Ecco alcune osservazioni sparse su singole commedie o frammenti.
Ἐγχειρογάστορες: due le forme tràdite del titolo: Ἐγχειρογάστορες e Χειρογάστορες. Kassel e Austin optano per la prima (e così anche Pellegrino), convinti, a quanto pare, dalla testimonianza di Sud. ν 406 (non entra in gioco Χειρ.- di Sud. ν 407: il titolo deriva verisimilmente da Athen. 14.645bc; per cui, cf. già A. Meineke, Quaestionum scenicarum specimen secundum, Berolini 1827, p. 60) e dalle argomentazioni di J.W. White (cf. PCG VII, p. 65). Per White ( The Scholia on the Aves of Aristophanes, Boston and London 1914, p. 277) “In eight of the nine cases […] in which Nicophon’s play is cited, the title Χειρογάστορες is given, but in six of these the phrasing is ἐν Χειρογάστορσι, which may well originally have been Ἐγχειρογάστορσι”. Un errore originato da errata divisione di parole, quindi. Io sarei più dubbioso: in realtà, i casi sono tre (Athen. 9.389a, 14.645bc; Lex. Bachm. 155,27), negli altri due troviamo ἐν τοῖς Χειρ. (Poll. IV 56; Athen. 3.126e), che non è proprio la stessa cosa, il sesto non esiste. Le spiegazioni paleografiche – si sa – possono essere ‘rivoltate come calzini’; si potrebbe pensare anche ad un errore di dittografia: ἐν Χειρ.- > ἐνχειρ.- > ἐν Ἐγχειρ.- (si veda in Poll. IV 56 la lezione fornita da S: ἐν τοῖς ἐνχειρ.-). Fr. 7,2: sul significato di χρηστός vs. πονηρός, si veda anche D. Rosenbloom, TAPhA 134.1, 2004, pp. 55-105 e 134.2, 2004, pp. 323-358 (queste pagine sono, invero, segnalate da Pellegrino nella precedente versione del commento nicofonteo: cf. AFLB 49, 2006, p. 59). Fr. 10: ai venditori ricorrenti in commedia (pp. 48-49) aggiungerei anche λυχνοπώλης (cf. Ar. Eq. 739) e, soprattutto, l’ἀλλαντοπώλης (Ar. Eq. 143 etc.).
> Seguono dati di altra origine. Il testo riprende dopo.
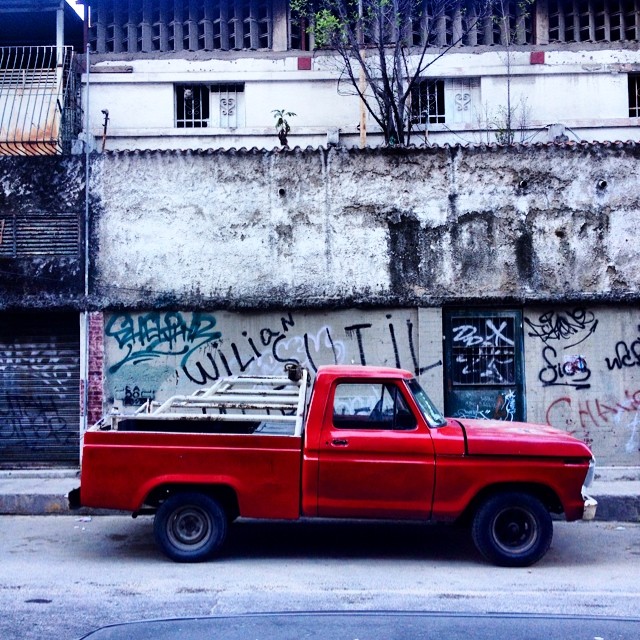 a red truck is parked in front of an old building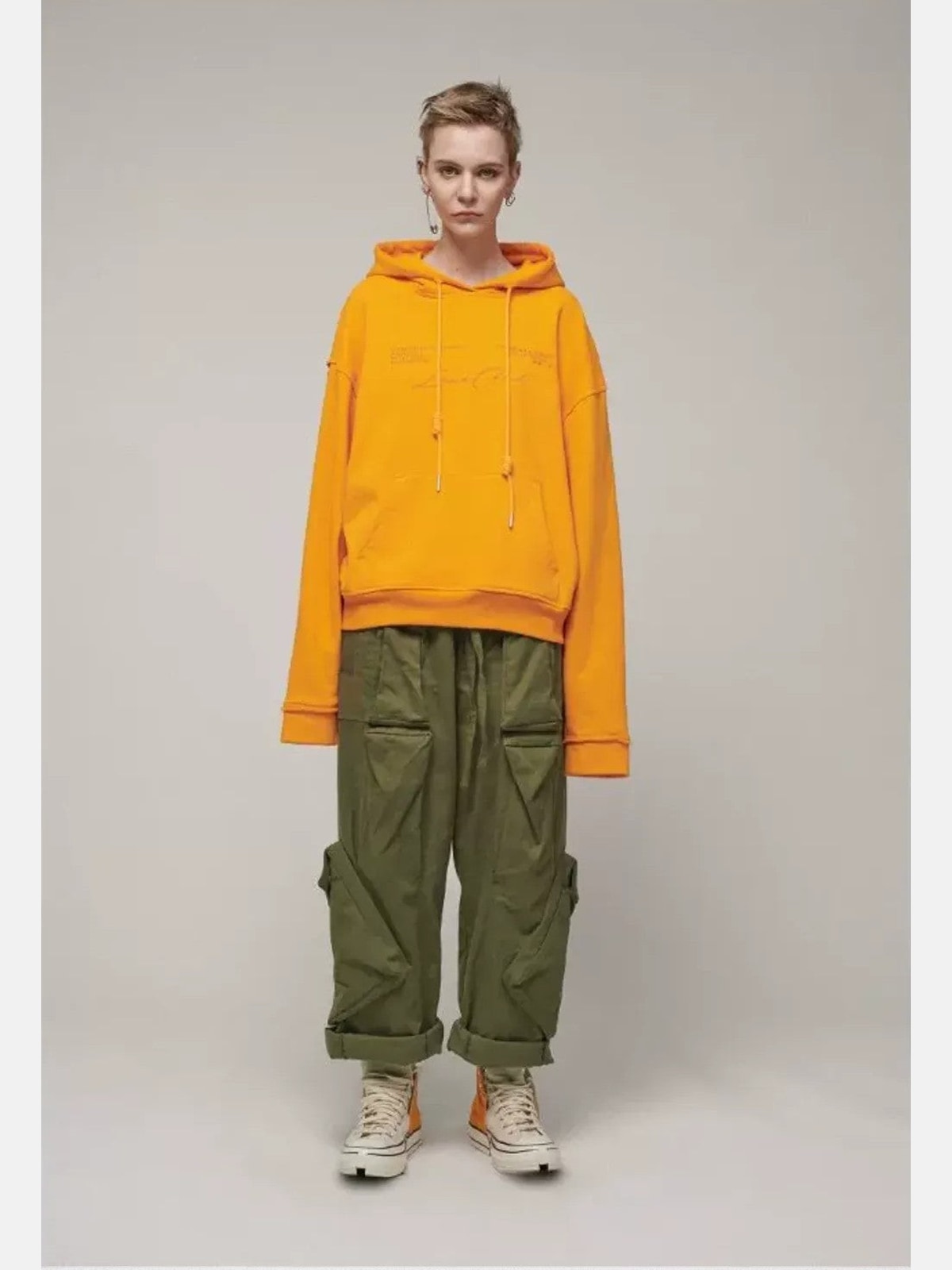 LOSTCTRL Embroidered Raw Edge Cotton Hoodie in Orange - On Model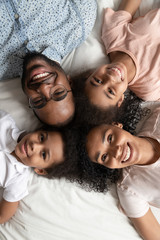 Happy black family laying head to head on bed.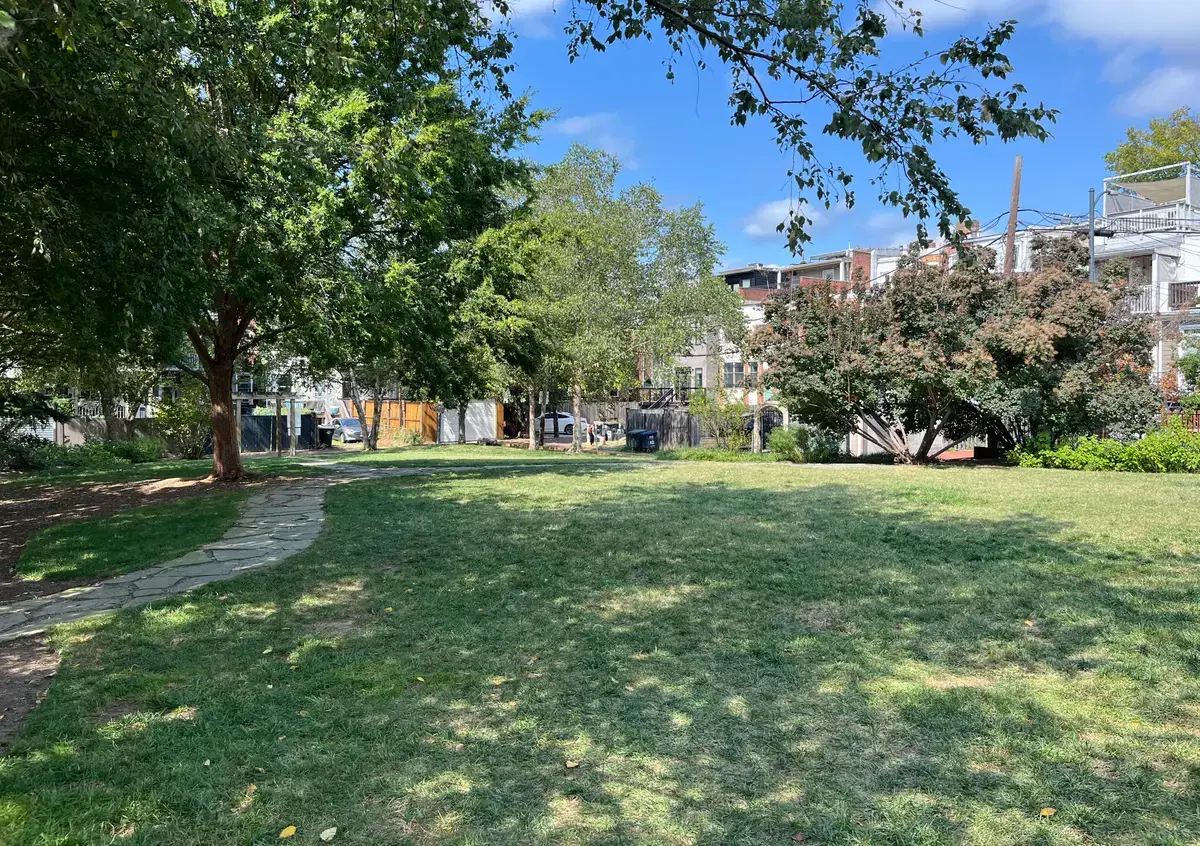 Green lawn and stone path of Crispus Attucks Park in summer, ringed by Bloomingdale rowhouse backs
Chiudono il volume una ricchissima bibliografia (pp. 77-96) e tre utili indici (passi discussi, nomi e cose notevoli, termini greci discussi, alle pp. 97-99).
Accurata la correzione delle bozze. Segnalo una sola svista: p. 40 r. 9 ” supra“, scribe” infra“.
In conclusione, possiamo congratularci con Pellegrino per averci fornito un valido sussidio per la comprensione e l’interpretazione della figura e dei frammenti di Nicofonte.
Notes
1. Del 1998 è il commento ai frammenti di Metagene, edito nel volume collettaneo Tessere. Frammenti della commedia greca: studi e commenti, a c. di A.M. Belardinelli-O.Imperio-G. Mastromarco-M. Pellegrino-P. Totaro, Bari, pp. 291-339; ma si vedano, in aggiunta, i lavori citati nella n. 2.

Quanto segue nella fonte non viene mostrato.